An innovation of the weighted k-means variant is the incorporation of, in our case, mass-concentration-based weighting during the algorithm's assignment of components to clusters. When k-means computes each cluster's “energy” and iteratively assigns components to a certain cluster, the weights are factored in. As discussed in Sect. 3, actual example cases indicate that the mass concentrations of components may range over several orders of magnitude. Therefore, the weighting aids in prioritizing components with relatively high mass concentrations as potential cluster surrogates, ensuring that the clustering process is not solely based on spatial proximity. The algorithm considers the entire dataset simultaneously and can effectively handle cases in which data points are not uniformly distributed in a 2D space. While we favour weighted k-means clustering, if desired, one can assign each component the same weight, thereby returning to the non-weighted k-means method.

Overall, the k-means method offers several advantages. The method can identify natural groupings in the data, independent of the arbitrary limits of an imposed grid, potentially leading to more meaningful, unbiased surrogate selection. However, this method is computationally the most costly of the four outlined in this study. Users can adjust the targeted number of k-means clusters to strike a balance between model simplicity and resolution of the original data. We note that the computational cost of this method is relatively insensitive to the number of clusters targeted.

3 Results and discussion

The primary goals of this study were to develop efficient and practical tools for calculating pure-component properties, activity coefficients and the gas–particle partitioning for complex systems containing a large number of organic species. To this end, we implemented and evaluated a 2D lumping framework to reduce system complexity while maintaining an adjustable level of accuracy. Additionally, we sought to compare the effectiveness of different lumping methods. These objectives were pursued to advance our understanding of organic species behaviour and improve computational efficiency in geoscientific modelling. The S2AS pure-component property prediction tool was implemented in Python. The 2D lumping framework was implemented in modern Fortran. The generated computer programs are a main product of this work. Related code and data are provided via code repositories and version-specific archives (see Sect. Code and data availability).

3.1 Example systems: α-pinene and toluene oxidation products

To demonstrate the application of the new chain of software tools, we introduce two example systems showcasing a multitude of chemical components and related properties derived from simulations of (1) an α-pinene ozonolysis system simulated using the MCM (v3.3.1) model and (2) a toluene photo-oxidation system simulated based on a near-explicit GECKO-A mechanism of its gas phase chemistry. The input parameters used for these simulations are listed in Tables S1 and S2 in the Supplement. The system component structures were either directly output or subsequently converted to the SMILES format and the component concentrations retrieved from a selected output time of the simulations. For the examples shown, the output data at the final time of a respective mechanism simulation was used.

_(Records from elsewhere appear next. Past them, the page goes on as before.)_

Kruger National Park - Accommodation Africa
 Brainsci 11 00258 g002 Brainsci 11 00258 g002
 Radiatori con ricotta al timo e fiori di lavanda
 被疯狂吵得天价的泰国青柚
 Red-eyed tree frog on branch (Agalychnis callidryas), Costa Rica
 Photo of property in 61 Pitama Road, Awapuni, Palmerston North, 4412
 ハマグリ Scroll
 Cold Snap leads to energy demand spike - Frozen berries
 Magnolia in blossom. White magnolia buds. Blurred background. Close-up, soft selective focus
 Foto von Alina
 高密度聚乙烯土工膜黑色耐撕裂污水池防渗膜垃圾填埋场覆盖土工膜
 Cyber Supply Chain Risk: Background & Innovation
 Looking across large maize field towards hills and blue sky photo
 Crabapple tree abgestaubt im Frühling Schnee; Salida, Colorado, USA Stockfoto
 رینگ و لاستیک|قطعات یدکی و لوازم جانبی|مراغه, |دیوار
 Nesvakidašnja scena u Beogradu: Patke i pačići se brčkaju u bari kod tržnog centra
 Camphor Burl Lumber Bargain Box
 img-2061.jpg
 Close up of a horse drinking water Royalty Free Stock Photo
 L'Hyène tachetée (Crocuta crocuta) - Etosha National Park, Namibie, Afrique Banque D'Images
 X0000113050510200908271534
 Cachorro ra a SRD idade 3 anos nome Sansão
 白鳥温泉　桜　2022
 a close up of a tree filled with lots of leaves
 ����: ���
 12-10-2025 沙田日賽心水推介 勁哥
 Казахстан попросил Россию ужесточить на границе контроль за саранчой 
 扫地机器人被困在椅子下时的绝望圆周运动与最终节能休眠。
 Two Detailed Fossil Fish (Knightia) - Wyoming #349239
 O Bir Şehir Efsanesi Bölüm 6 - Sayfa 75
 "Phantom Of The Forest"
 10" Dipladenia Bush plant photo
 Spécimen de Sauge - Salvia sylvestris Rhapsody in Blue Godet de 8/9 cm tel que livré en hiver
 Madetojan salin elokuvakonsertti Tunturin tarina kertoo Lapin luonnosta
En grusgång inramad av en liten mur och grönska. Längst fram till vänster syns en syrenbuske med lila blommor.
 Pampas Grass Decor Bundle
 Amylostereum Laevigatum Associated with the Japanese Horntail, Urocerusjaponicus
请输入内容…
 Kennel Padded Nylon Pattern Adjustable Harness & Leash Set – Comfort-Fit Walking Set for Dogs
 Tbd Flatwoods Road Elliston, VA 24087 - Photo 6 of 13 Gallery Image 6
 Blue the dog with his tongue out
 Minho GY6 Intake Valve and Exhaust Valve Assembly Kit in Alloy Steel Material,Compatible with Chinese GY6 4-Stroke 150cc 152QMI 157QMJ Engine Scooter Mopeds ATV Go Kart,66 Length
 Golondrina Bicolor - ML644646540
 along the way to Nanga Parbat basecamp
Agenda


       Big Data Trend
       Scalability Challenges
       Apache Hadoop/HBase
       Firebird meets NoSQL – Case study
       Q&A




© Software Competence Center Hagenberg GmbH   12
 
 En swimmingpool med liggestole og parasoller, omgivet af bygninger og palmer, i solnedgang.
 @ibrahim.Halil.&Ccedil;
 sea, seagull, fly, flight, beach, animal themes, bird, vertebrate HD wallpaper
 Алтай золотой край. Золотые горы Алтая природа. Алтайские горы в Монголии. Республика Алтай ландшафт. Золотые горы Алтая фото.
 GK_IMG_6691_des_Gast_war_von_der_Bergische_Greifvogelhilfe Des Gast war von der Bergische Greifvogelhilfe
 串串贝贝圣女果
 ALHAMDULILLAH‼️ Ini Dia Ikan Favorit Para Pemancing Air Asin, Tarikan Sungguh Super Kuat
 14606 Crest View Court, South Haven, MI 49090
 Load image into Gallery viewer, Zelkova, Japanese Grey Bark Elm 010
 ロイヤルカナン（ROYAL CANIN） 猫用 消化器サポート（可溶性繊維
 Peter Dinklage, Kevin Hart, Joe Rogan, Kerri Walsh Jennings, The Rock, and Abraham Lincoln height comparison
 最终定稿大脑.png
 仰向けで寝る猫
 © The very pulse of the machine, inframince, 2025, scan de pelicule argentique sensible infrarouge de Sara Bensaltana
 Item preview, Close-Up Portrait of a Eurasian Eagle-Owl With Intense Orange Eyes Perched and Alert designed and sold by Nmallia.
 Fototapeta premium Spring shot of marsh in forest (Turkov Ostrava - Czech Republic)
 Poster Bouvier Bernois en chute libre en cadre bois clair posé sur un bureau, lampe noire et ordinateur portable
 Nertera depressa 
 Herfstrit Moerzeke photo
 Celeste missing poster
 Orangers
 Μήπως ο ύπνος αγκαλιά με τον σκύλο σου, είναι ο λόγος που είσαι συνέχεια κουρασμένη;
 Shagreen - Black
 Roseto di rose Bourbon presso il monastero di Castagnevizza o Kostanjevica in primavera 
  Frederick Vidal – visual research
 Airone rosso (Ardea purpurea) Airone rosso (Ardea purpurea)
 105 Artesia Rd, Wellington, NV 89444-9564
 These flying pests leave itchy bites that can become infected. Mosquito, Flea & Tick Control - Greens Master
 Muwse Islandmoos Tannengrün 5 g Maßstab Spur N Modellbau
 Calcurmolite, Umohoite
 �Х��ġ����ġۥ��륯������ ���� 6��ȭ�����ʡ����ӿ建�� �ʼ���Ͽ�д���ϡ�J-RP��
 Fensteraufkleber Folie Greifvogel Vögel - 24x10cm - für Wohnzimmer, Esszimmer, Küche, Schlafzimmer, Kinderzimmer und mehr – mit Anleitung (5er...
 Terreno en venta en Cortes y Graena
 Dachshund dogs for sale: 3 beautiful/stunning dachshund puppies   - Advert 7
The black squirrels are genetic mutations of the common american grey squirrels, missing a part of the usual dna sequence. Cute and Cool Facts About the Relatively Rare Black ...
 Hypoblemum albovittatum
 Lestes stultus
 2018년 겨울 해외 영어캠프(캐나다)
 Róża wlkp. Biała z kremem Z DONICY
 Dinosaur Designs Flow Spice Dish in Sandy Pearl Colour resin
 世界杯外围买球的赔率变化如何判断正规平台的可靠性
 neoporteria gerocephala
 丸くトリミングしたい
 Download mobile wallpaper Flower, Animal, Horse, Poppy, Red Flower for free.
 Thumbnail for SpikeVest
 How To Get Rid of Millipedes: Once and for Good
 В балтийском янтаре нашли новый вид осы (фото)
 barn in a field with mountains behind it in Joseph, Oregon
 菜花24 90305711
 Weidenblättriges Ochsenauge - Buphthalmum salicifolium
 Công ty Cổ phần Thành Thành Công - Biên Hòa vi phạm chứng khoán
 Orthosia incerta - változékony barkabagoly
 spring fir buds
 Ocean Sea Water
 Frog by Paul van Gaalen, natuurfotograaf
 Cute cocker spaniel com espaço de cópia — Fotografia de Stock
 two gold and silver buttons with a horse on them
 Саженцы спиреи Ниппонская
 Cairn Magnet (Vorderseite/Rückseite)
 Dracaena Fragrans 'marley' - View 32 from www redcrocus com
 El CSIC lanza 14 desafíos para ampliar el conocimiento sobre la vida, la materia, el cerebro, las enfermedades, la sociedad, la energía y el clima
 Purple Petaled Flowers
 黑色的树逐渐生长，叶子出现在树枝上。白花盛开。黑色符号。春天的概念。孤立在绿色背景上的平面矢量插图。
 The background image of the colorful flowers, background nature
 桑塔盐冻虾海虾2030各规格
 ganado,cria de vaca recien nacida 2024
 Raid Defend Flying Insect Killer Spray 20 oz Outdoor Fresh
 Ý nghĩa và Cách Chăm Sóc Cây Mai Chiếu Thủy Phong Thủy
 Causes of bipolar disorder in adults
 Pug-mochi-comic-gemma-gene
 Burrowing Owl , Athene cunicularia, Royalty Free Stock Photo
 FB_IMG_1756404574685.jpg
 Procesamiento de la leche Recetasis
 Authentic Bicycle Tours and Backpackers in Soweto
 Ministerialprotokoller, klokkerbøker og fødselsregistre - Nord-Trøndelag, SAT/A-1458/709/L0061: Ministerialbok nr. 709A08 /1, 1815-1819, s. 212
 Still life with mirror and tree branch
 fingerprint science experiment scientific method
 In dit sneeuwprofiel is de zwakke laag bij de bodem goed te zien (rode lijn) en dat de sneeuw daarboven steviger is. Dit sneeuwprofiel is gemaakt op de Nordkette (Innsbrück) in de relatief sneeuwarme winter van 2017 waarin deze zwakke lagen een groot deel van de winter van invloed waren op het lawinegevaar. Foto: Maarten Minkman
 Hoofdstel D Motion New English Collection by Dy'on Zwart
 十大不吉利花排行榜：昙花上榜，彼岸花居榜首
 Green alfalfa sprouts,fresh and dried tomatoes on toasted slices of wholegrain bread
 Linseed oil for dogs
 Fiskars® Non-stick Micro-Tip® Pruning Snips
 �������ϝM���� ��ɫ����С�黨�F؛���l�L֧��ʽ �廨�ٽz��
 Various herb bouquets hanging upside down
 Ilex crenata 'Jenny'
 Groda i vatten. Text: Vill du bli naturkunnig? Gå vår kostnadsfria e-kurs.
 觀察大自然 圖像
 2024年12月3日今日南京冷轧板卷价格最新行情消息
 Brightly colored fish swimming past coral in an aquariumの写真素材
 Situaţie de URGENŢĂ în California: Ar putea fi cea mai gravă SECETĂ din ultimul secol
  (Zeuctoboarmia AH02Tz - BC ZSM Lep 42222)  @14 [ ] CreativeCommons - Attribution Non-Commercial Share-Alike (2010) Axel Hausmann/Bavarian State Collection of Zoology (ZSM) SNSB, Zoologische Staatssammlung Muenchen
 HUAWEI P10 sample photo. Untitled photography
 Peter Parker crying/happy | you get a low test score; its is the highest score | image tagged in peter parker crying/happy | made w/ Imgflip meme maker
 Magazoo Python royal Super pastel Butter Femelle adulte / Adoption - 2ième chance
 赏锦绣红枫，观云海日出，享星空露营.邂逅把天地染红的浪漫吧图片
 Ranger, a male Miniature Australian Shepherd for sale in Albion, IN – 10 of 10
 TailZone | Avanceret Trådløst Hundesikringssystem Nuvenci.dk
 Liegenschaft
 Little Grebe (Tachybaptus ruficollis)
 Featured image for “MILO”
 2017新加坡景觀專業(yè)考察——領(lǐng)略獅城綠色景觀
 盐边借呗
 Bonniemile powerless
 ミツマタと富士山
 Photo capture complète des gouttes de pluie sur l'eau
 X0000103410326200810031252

The GECKO-A toluene photolysis system comprises an extensive array of ∼68 000 distinct organic components. Figure 7 provides a visual representation of the obtained system of oxidation and fragmentation products in the 2D polarity versus volatility space. The complete set of components is shown in Fig. 7a (ordered by mass concentration to show the most abundant components on top), while panels (b)–(d) show the application of a 10×5 volatility × polarity (here using ACR) grid to select surrogate components by the three grid-based methods. Figure 8 shows the corresponding data clustered by the k-means method and the pertaining selection of surrogate components. The comparison of the full system and the various surrogate representations demonstrate visually the framework's ability to simplify complex chemical systems. Despite the massive reduction in the number of species, our lumping framework successfully preserves key physicochemical characteristics of the system of relevance for SOA formation predictions.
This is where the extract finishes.